1. Toss an unbiased coin until heads is up; let $i$ denote the number of required trials; set $t:=2^i$.

2. If the number of steps executed so far exceeds $t$ then exit. Execute one step; if this leads to a request for a new input bit (of the growing selfdelimiting program, e.g., [15]), toss the coin to determine the bit, and set $t:=t/2$.

3. Go to 2.

In the spirit of FAST, algorithm GUESS makes twice the computation time half as likely, and splits remaining time in half whenever a new input bit is requested, to assign equal runtime to the two resulting sets of possible program continuations. Note that the expected runtime of GUESS is unbounded since $\sum_i 2^{-i} 2^{i}$ does not converge. Still, each invocation of GUESS terminates with probability 1.

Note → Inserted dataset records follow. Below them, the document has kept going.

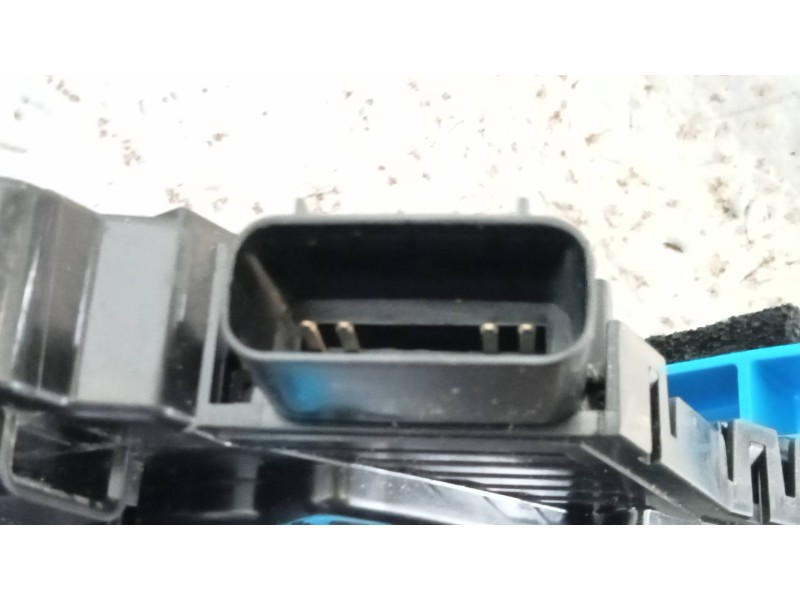 Recambio de motor cierre centralizado trasero izquierdo para kia cee´d x-tech referencia OEM IAM 81410A2400  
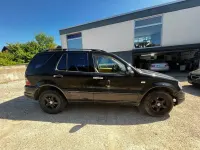 Gebraucht Mercedes ML320 218 PS (160 kW) 1999 Schwarz SUV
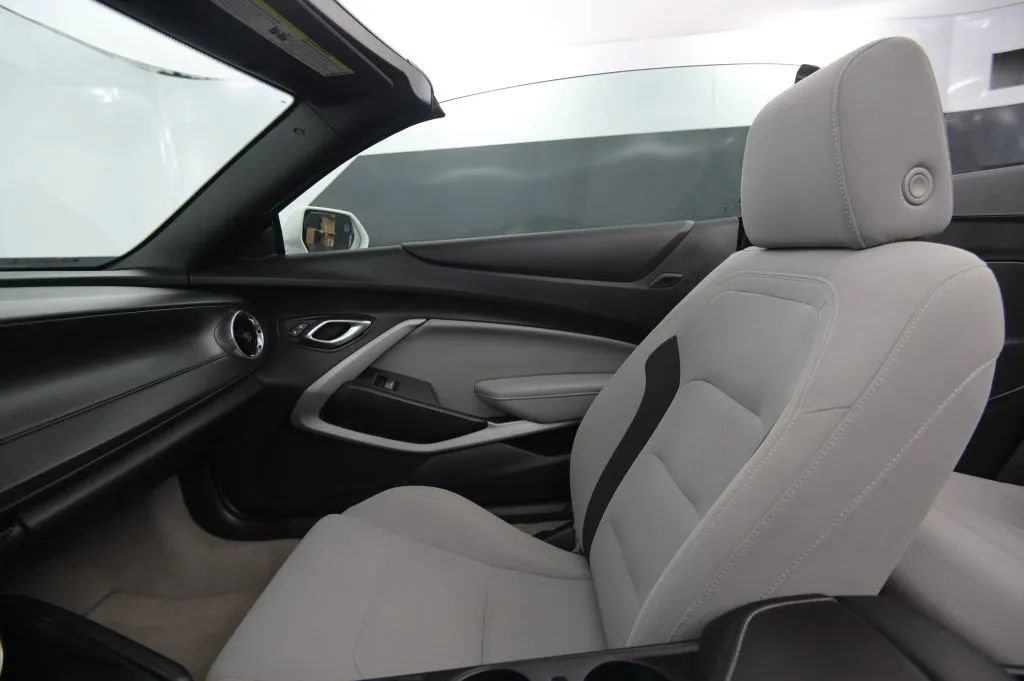 Used 2023 Chevrolet Camaro LT RWD image 29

Algorithm GUESS is almost identical to a probabilistic search algorithm used in previous work on applied inductive inference [19,21]. The programs generated by the previous algorithm, however, were not bitstrings but written in an assembler-like language; their runtimes had an upper bound, and the program outputs were evaluated as to whether they represented solutions to externally given tasks. Using a small set of exemplary training examples, the system discovered the weight matrix of an artificial neural network whose task was to map input data to appropriate target classifications. The network's generalization capability was then tested on a much larger unseen test set. On several toy problems it generalized extremely well in a way unmatchable by traditional neural network learning algorithms.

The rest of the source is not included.